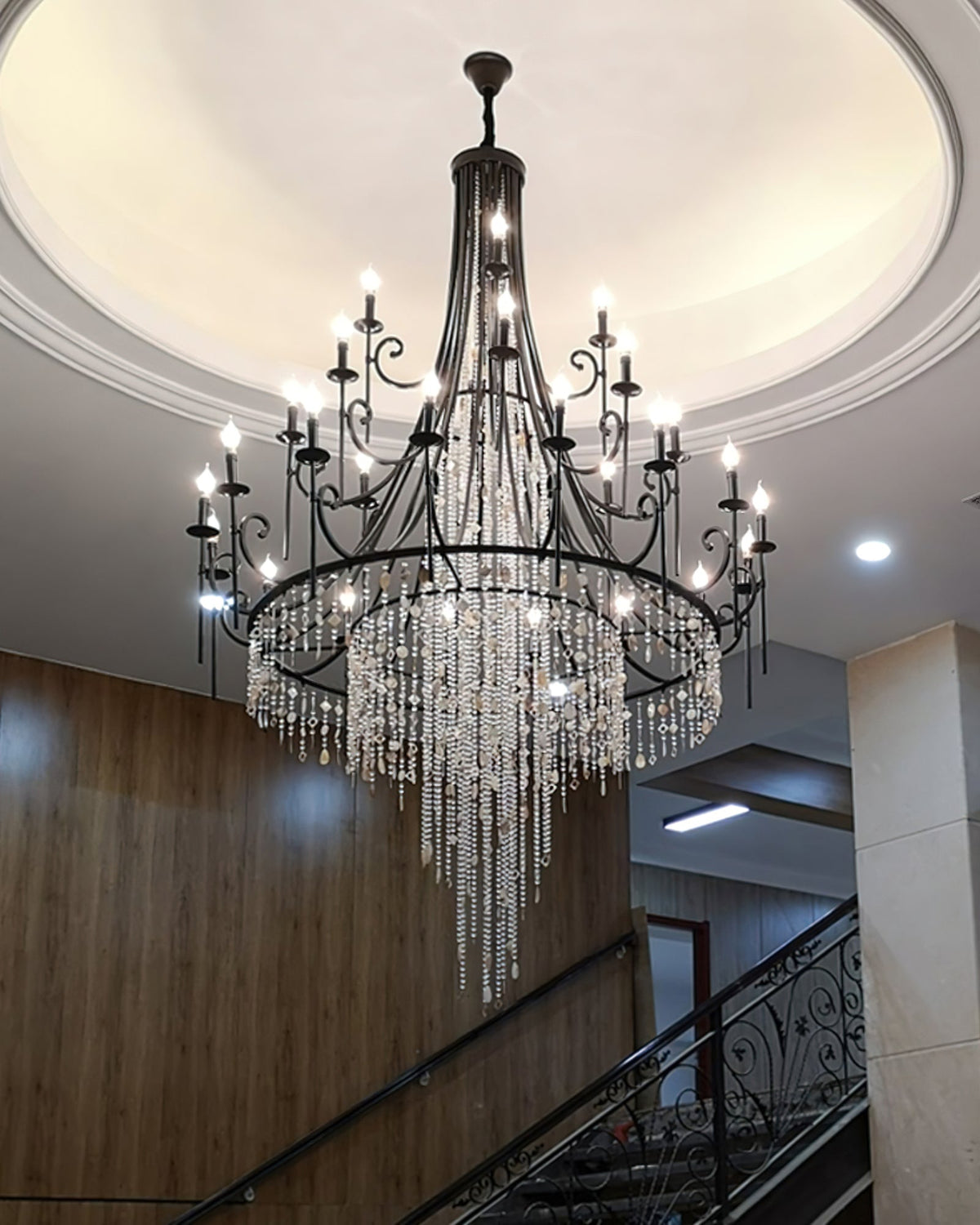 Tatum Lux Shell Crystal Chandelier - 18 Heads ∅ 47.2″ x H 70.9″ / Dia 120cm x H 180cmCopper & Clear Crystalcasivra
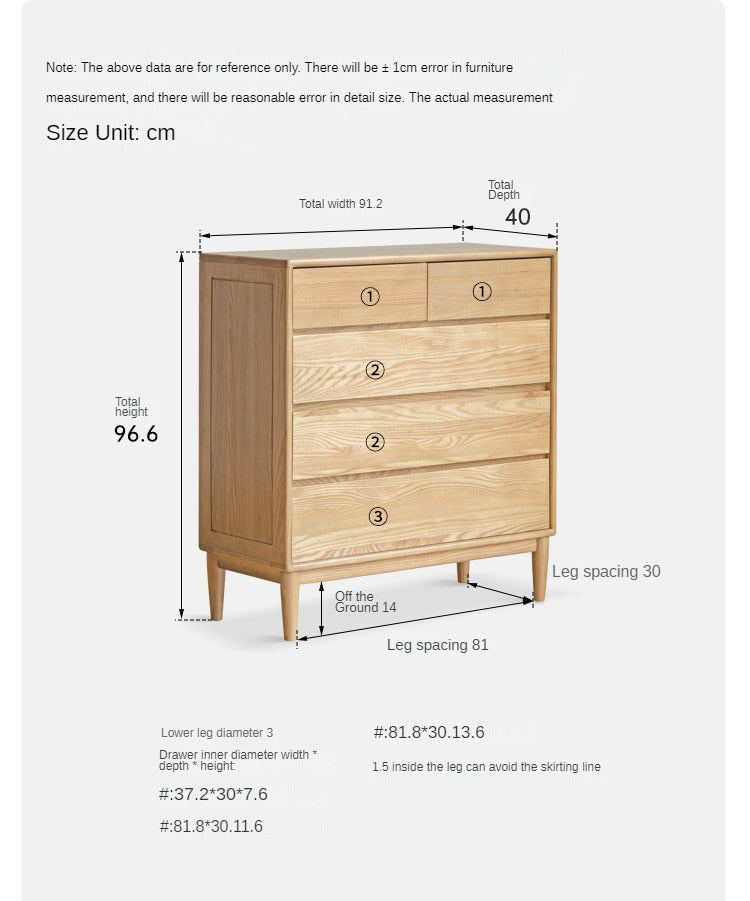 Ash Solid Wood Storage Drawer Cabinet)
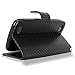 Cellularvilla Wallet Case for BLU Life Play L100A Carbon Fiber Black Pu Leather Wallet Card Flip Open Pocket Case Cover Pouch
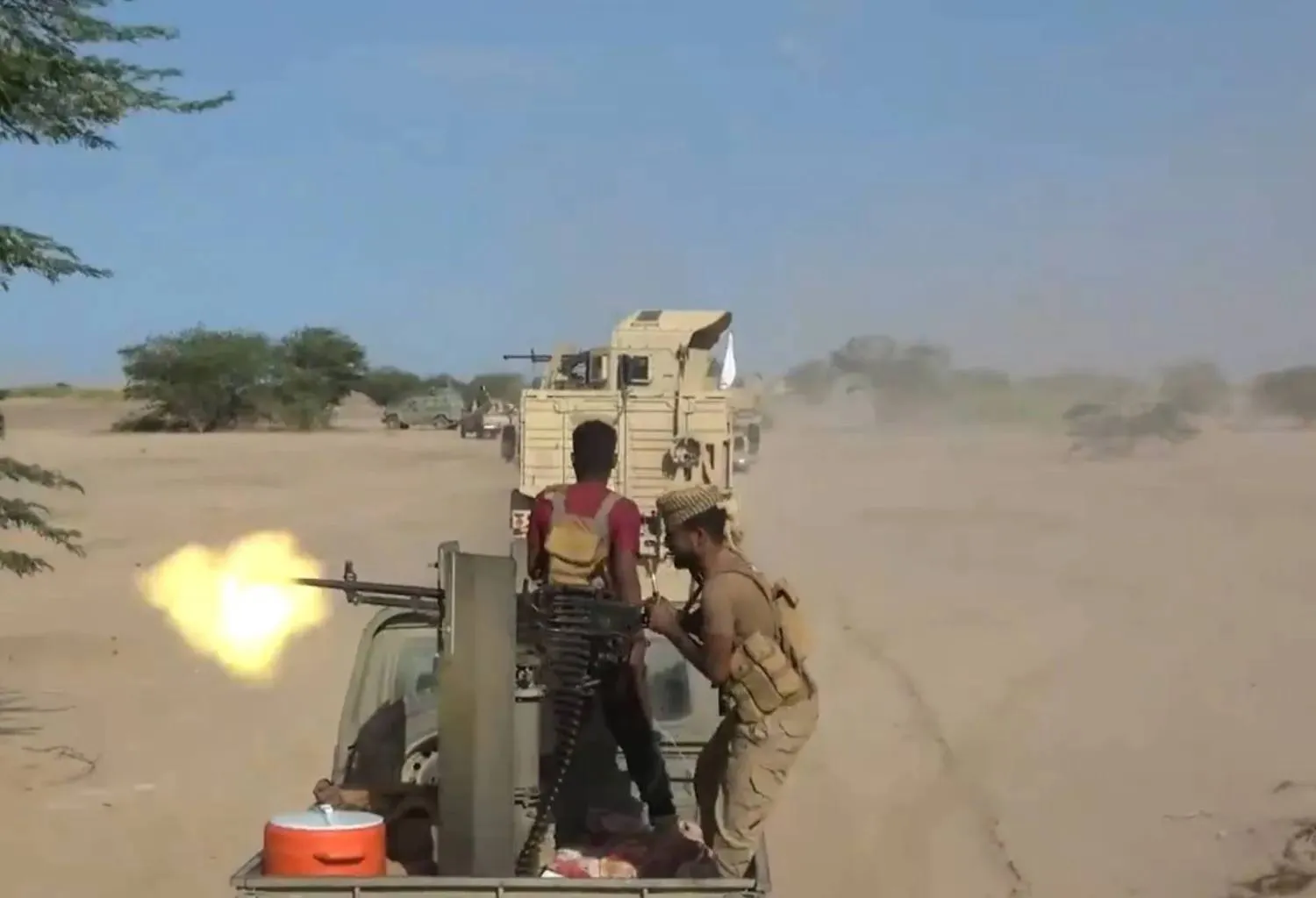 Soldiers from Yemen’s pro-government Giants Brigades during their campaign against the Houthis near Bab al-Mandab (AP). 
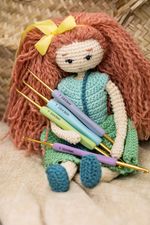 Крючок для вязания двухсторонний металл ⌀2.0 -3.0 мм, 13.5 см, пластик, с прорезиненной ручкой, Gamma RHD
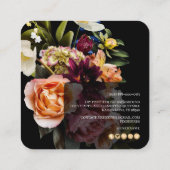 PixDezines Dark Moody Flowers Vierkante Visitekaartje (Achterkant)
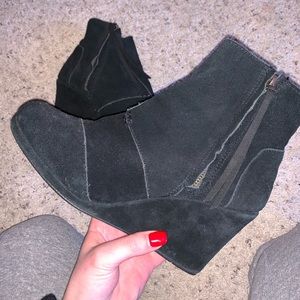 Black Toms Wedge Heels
-=-=-
◆ **ACTION ITEM**: Please set down each line of the data above exactly as written, without the pictures.

◆ **WRITTEN RESPONSE**:
 Tatum Lux Shell Crystal Chandelier - 18 Heads ∅ 47.2″ x H 70.9″ / Dia 120cm x H 180cmCopper & Clear Crystalcasivra
 Ash Solid Wood Storage Drawer Cabinet)
 Cellularvilla Wallet Case for BLU Life Play L100A Carbon Fiber Black Pu Leather Wallet Card Flip Open Pocket Case Cover Pouch
 Soldiers from Yemen’s pro-government Giants Brigades during their campaign against the Houthis near Bab al-Mandab (AP). 
 Крючок для вязания двухсторонний металл ⌀2.0 -3.0 мм, 13.5 см, пластик, с прорезиненной ручкой, Gamma RHD
 PixDezines Dark Moody Flowers Vierkante Visitekaartje (Achterkant)
 Black Toms Wedge Heels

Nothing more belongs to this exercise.